The Patent Trial and Appeal Board (PTAB) doesn’t always get it right. This was demonstrated once again in a case where the U.S. Court of Appeals for the Federal Circuit found that the board had improperly failed to consider some vital factors when evaluating whether a patent application contained the requisite written description of the invention.

A question of plasticity

Global IP Holdings LLC owns a patent on carpeted automotive vehicle load floors that have sandwich-type composite panels with cellular cores. The patent describes the load floors as including thermoplastic materials. Global filed a reissue application seeking to broaden the patent’s coverage. In particular, it replaced the term “thermoplastic” with “plastic.”

The U.S. Patent and Trademark Office’s rules for reissue applications require an inventor to provide an oath or declaration specifically identifying the error relied on as the basis for reissue. The load floor’s inventor filed a declaration explaining that, at the time of the invention, he was aware of the use of plastics other than thermoplastics for the composite panel. He also cited other evidence of the use of thermoset plastics, rather than thermoplastics, in vehicle load floors. The examiner, however, rejected the broadened claims, finding that they claimed “new matter.”

The PTAB affirmed, rejecting Global’s argument that the type of plastic used wasn’t critical to the invention and that plastics other than thermoplastics were predictable options. The PTAB found that the description of the invention in the patent specification was insufficient, “regardless of the predictability of the results of substituting alternatives, or the actual criticality of thermoplastics in the overall invention.” Global appealed to the Federal Circuit.

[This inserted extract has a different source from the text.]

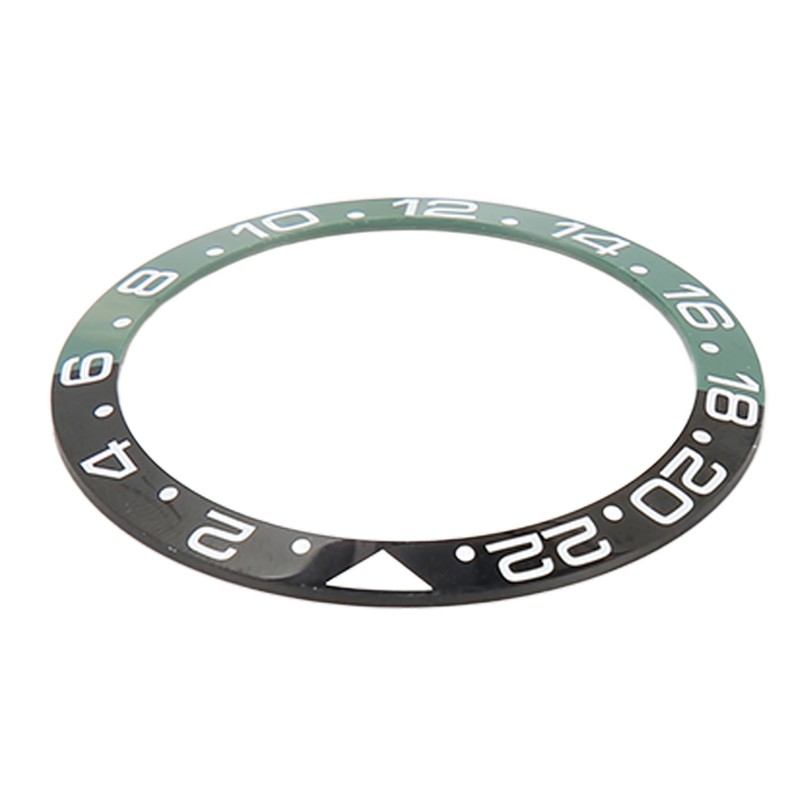 38mm Diameter GMT Watch Bezel Insert Ring Black Green Base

Rejection of PTAB’s rigidity

The Federal Circuit began its review by explaining that the written description requirement is met when the patent specification clearly allows people in the field to recognize that the inventor “invented what is claimed” in the patent. According to the court, the test is met if the patent specification reasonably conveys to people knowledgeable in the relevant field that the inventor had possession of the invention as of the filing date.

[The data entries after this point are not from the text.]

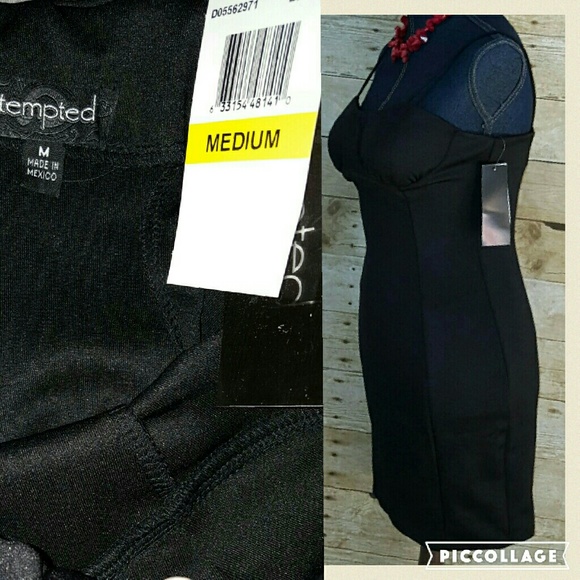📮FIRM📮Macys Tempted NWT LBD BodyCon Black Dress - Picture 4 of 4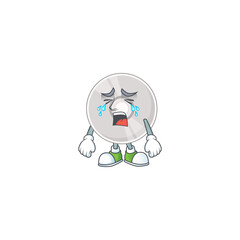 A crying compact disk cartoon character drawing concept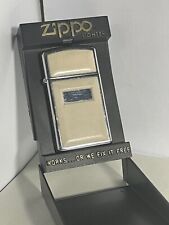 1980 Vinyl Zippo Cream White Fancy Zippo Lighter 1980 With Box & Papers picture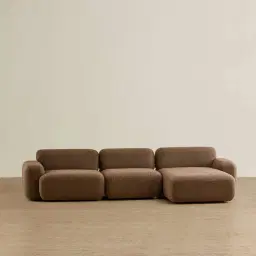 Capri Earth Brown Woven Fabric 3 Pieces Modular Right Chaise Sofa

The level of detail required to satisfy the written description requirement, the court said, varies depending on the nature and scope of the patent claims and the complexity and predictability of the relevant technology. Therefore, the Federal Circuit found that the PTAB had erred by finding that the predictability of submitting generic plastics for thermoplastics wasn’t relevant to the written description requirement.

In addition, the court noted that it had held in a previous case that the criticality, or importance, of an unclaimed patent limitation can be relevant to the written description inquiry. Patent limitations define the breadth of the claimed invention.

The earlier case involved a patent application that required a metal tip with a tapered shape. The patent owner in that case filed a reissue application to cover both tapered and nontapered tips. The PTAB rejected the application because the only tips disclosed in the original application were tapered. But the court found that the broadened claims merely omitted an unnecessary limitation that had restricted one element of the invention to the exact and noncritical shape disclosed in the original patent.

The Federal Circuit here held that, in some cases, the criticality or importance of the expressly disclosed “species” (such as thermoplastics) may be relevant to whether an inventor had possession of the claimed “genus” (such as plastics) that includes that species.

The case bounces back

Although the appellate court vacated the PTAB’s decision, it declined Global’s request to find that the plastic limitation wasn’t critical to the invention. Instead, the Federal Circuit sent the case back to the PTAB to address the relevant factors, including predictability and criticality, and determine whether the written description requirement was satisfied.

In re: Global IP Holdings LLC, No. 18-1426, July 5, 2019, Fed. Cir.